Year ago, the highly reputable National Bureau of Economic Research got a fund from the Rockefeller Foundation and the Association of Reserve City Bankers to study instalment credit. It found a red-haired University of Pennsylvania professor named Ralph Young, and a black-haired Hunter College girl named Blanche Bernstein who knew her onions, having plowed through difficult statistical jobs with NRA, WPA, U. S. Department of Labor, etc. These two, with three assistants, were set up in N.B.E.R.’s financial research workshop—an estate (next door to Arturo Toscanini), in swank Riverdale, N. Y., with tennis court, swimming pool, view of the Hudson. Handed to them was a stack of raw material: statistics on the purchases of 60,000 U. S. families, collected by white-collar WPAsters in 1935-36.
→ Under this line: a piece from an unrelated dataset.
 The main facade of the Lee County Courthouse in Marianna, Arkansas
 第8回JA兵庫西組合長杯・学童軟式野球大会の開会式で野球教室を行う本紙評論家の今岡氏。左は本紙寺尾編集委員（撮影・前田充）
Last week the Bureau published The Statistical Pattern of Instalment Debt, a 23-page pamphlet, which told the results of the study of non-relief families in 1935-36. Prime facts:
> Nearly one in four U. S. families were making instalment payments.
> Peak instalment buying was among families with revenues of $1,750-$2,000.
> The 1935-36 recovery caused 70% of instalment-buying families to increase their instalment indebtedness. The net increase amounted to $407,000,000 or $580,000,000 when single persons and relief families were included.
> Automobiles were the largest item of instalment buying in dollar volume, accounted for 50% of the gross increase. Next: furniture (18%); electric refrigerators (15%).
> Heaviest instalment buying was in biggish cities; small cities have less, metropolises like New York and Chicago (where fewer families own automobiles) still less. Farm families did least instalment buying of any.